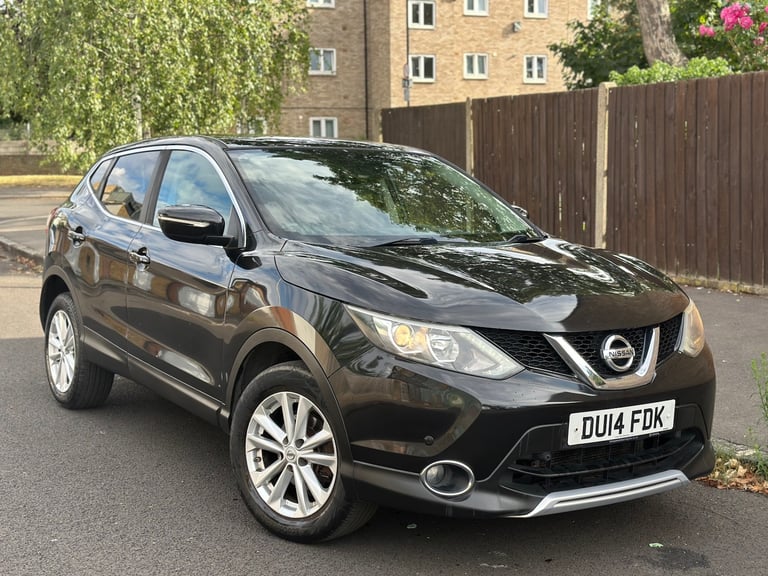 2014 Nissan Qashqai 1.2 DiG-T Acenta [Smart Vision Pack] 5dr HATCHBACK Petrol Manual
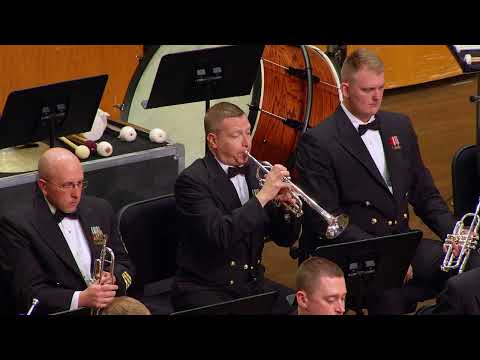 Paul Hindemith - Symphony in B-flat for Concert Band - I. Moderately fast, with vigor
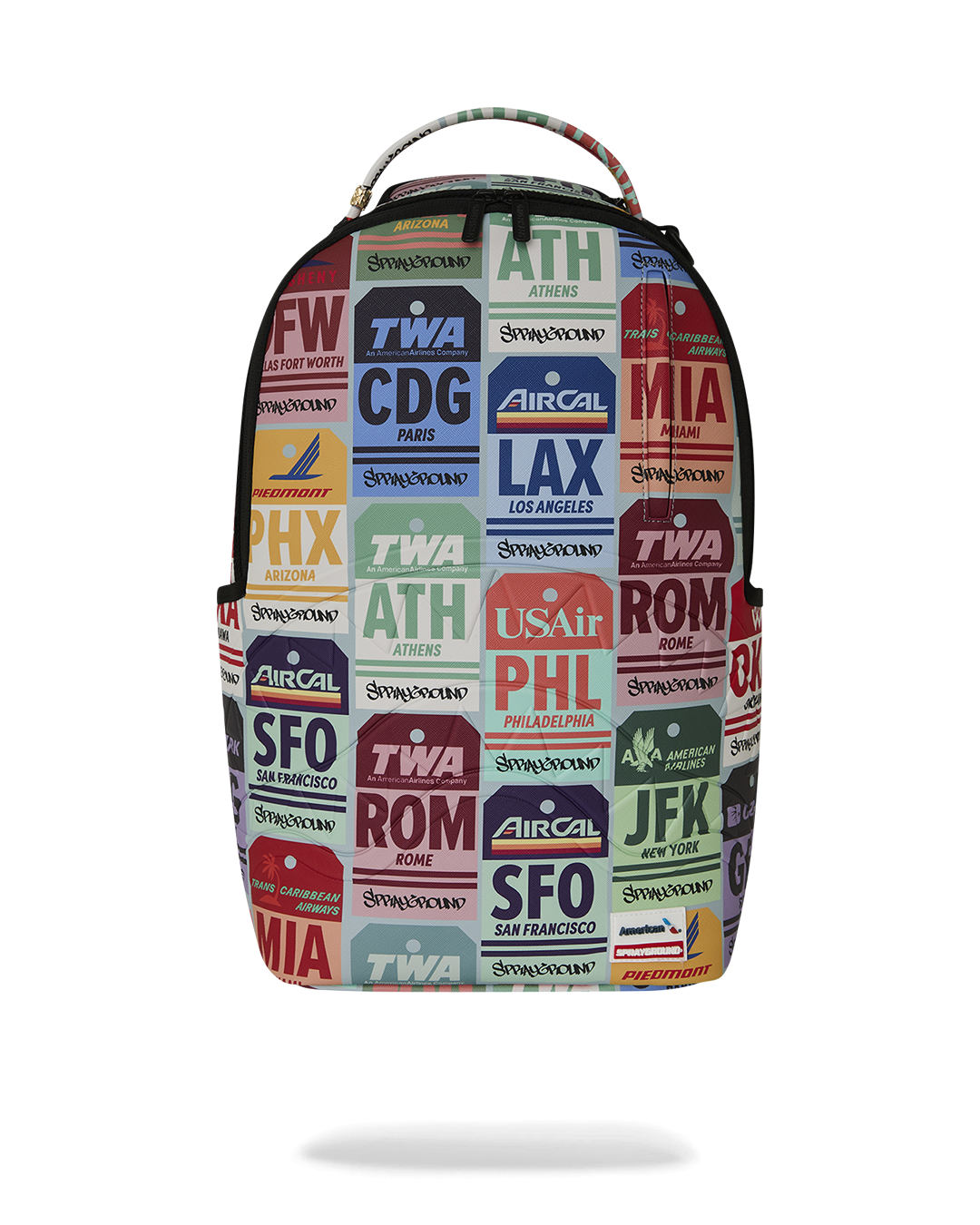 SPRAYGROUNDÂ® BACKPACK AA TWA VINTAGE LUGGAGE TAGS BACKPACK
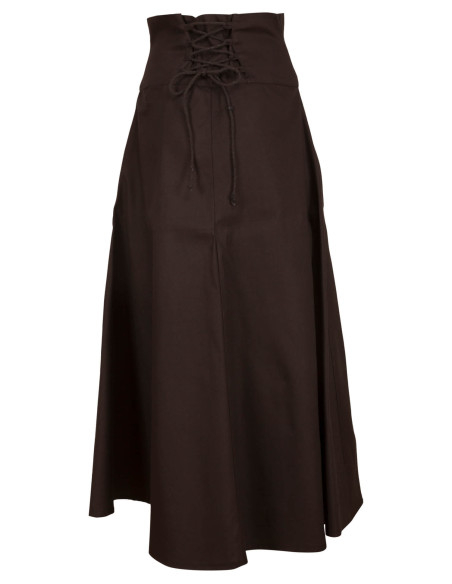 Gonna medieval in cotone modello...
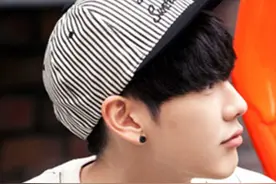 男生，遇到这两种帽子就要这样带，不然会成为你时尚的败笔图片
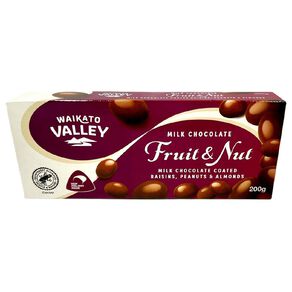 Waikato Valley Chocolates Fruit & Nut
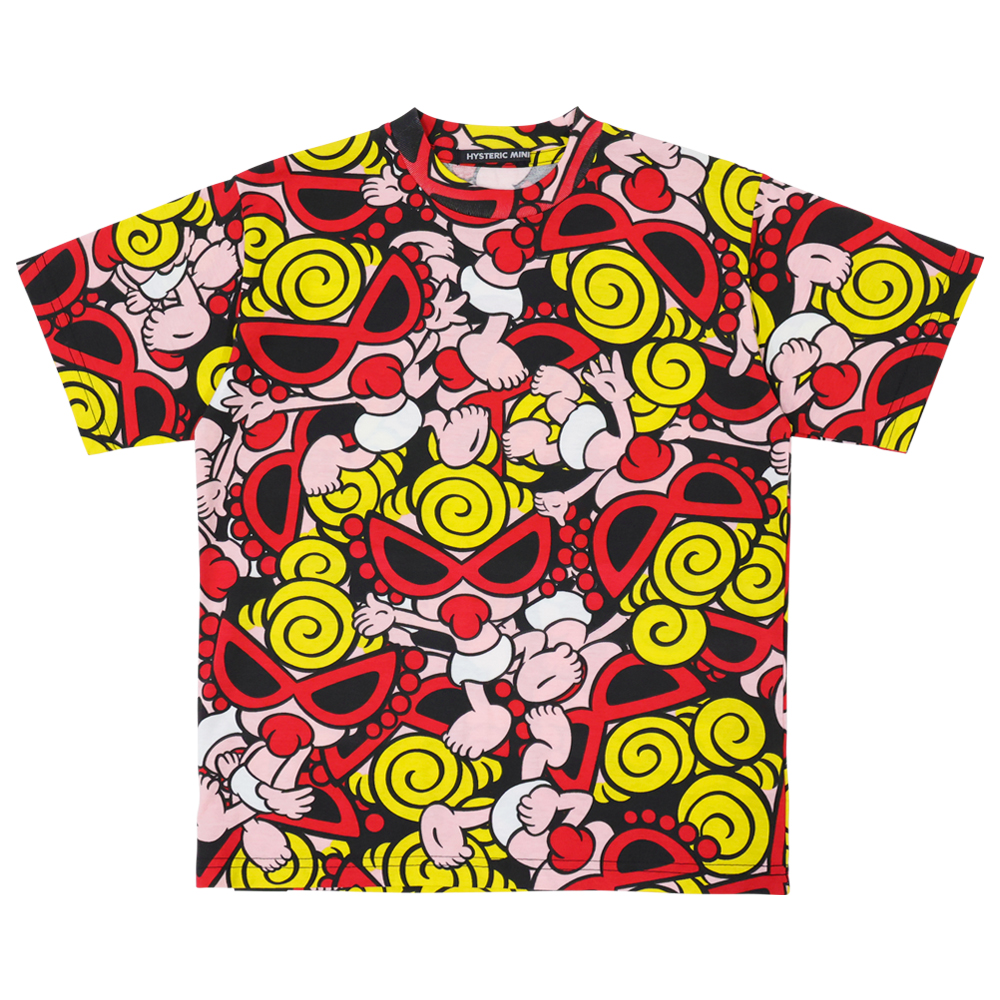 大人気】HYSTERIC MINI ヒスミニ Mini 総柄 Tシャツ 120サイズ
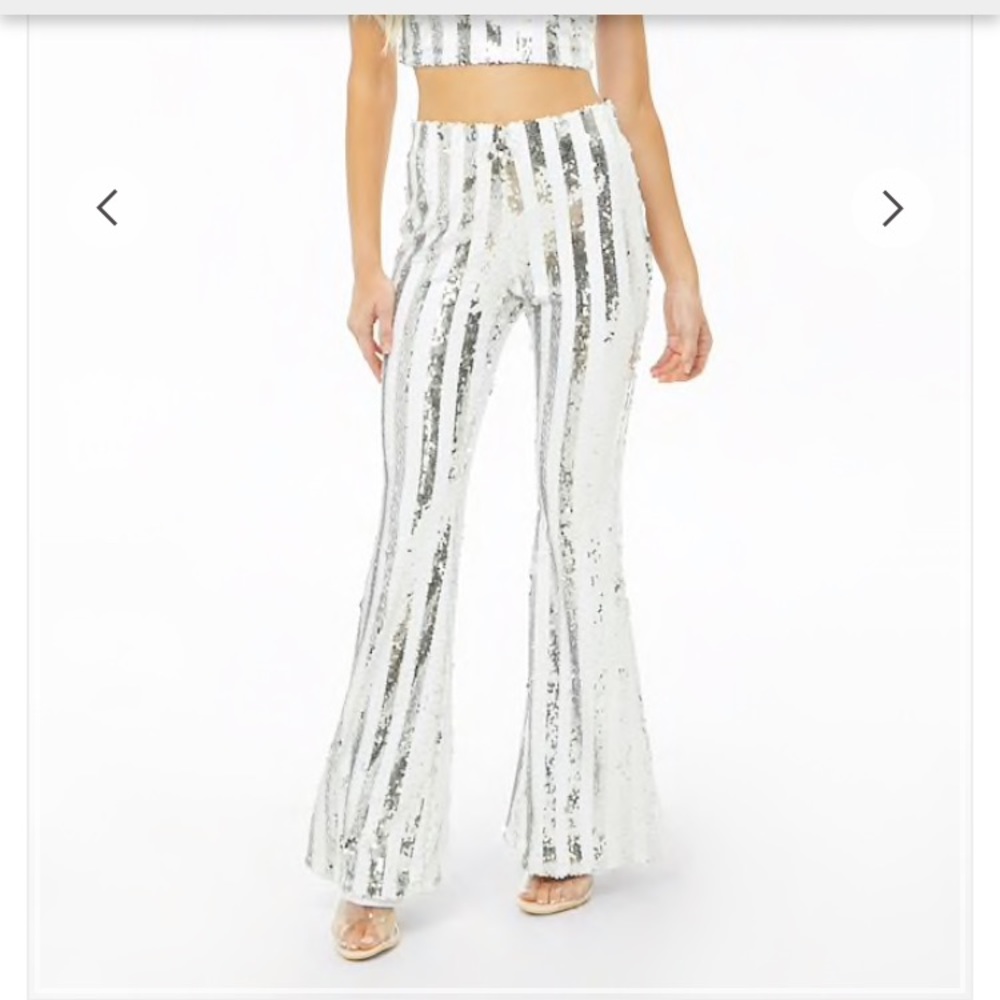 Sequence flare pants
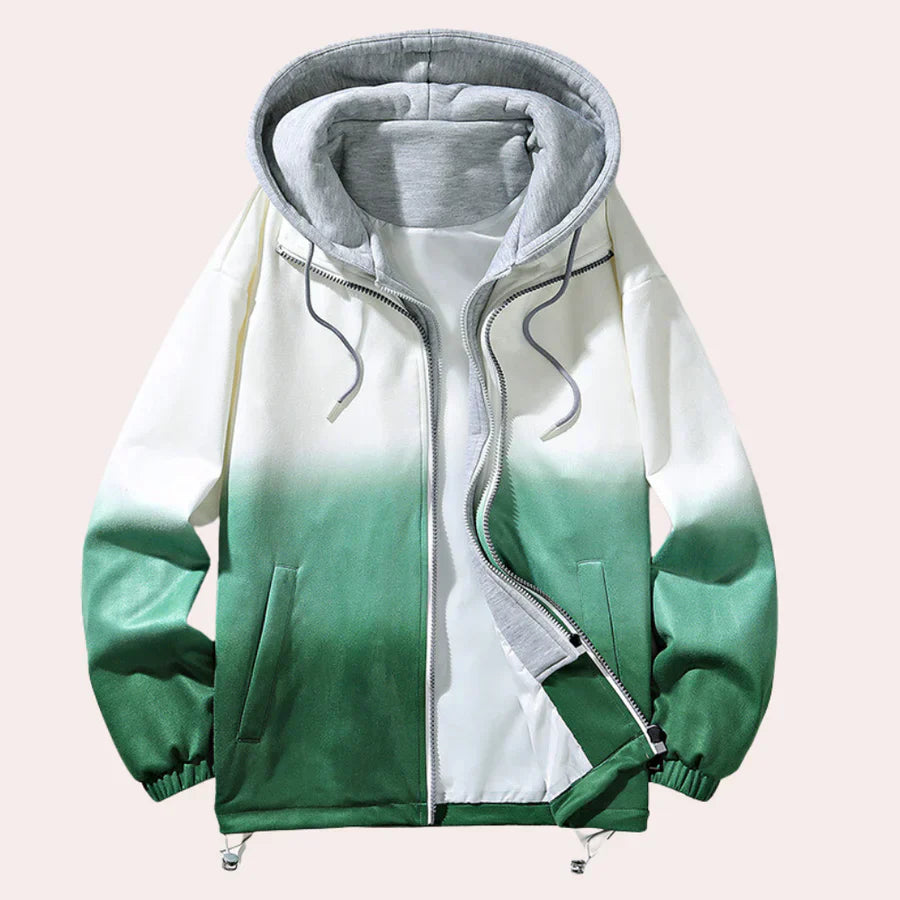 Élégante veste pour homme avec capuche Style moderne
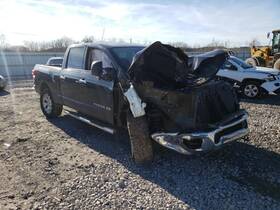 31020x049a Nissan 86k Mile Titan Xd Automatic At Transmission 5.6l Gasoline Rwd 4x2 From 03/01/17
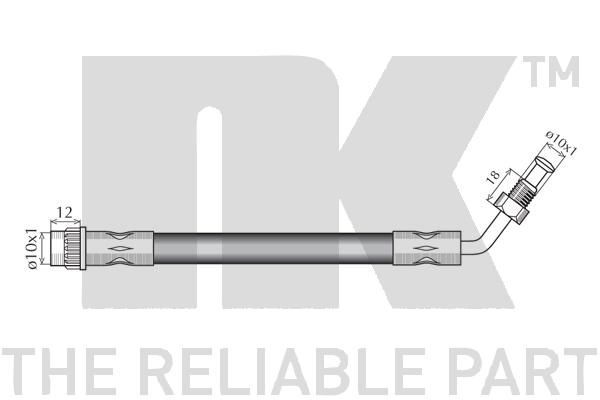 Stabdžių žarnelė NK 853668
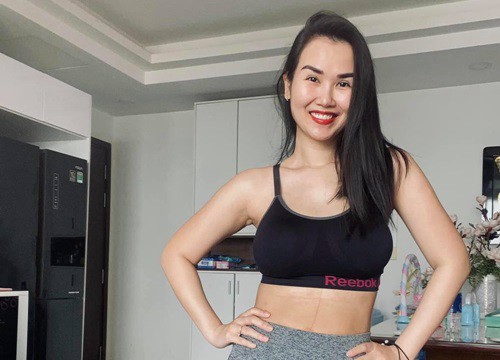Võ Hạ Trâm và dàn mỹ nhân Việt lấy lại vóc dáng thần tốc sau sinh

————————

#### [TASK TO COMPLETE]
Copy the records above precisely, and leave every image out of the copy.

#### [WRITTEN RESPONSE]
 2014 Nissan Qashqai 1.2 DiG-T Acenta [Smart Vision Pack] 5dr HATCHBACK Petrol Manual
 Paul Hindemith - Symphony in B-flat for Concert Band - I. Moderately fast, with vigor
 SPRAYGROUNDÂ® BACKPACK AA TWA VINTAGE LUGGAGE TAGS BACKPACK
 Gonna medieval in cotone modello...
 男生，遇到这两种帽子就要这样带，不然会成为你时尚的败笔图片
 Waikato Valley Chocolates Fruit & Nut
 大人気】HYSTERIC MINI ヒスミニ Mini 総柄 Tシャツ 120サイズ
 Sequence flare pants
 Élégante veste pour homme avec capuche Style moderne
 31020x049a Nissan 86k Mile Titan Xd Automatic At Transmission 5.6l Gasoline Rwd 4x2 From 03/01/17
 Stabdžių žarnelė NK 853668
Võ Hạ Trâm và dàn mỹ nhân Việt lấy lại vóc dáng thần tốc sau sinh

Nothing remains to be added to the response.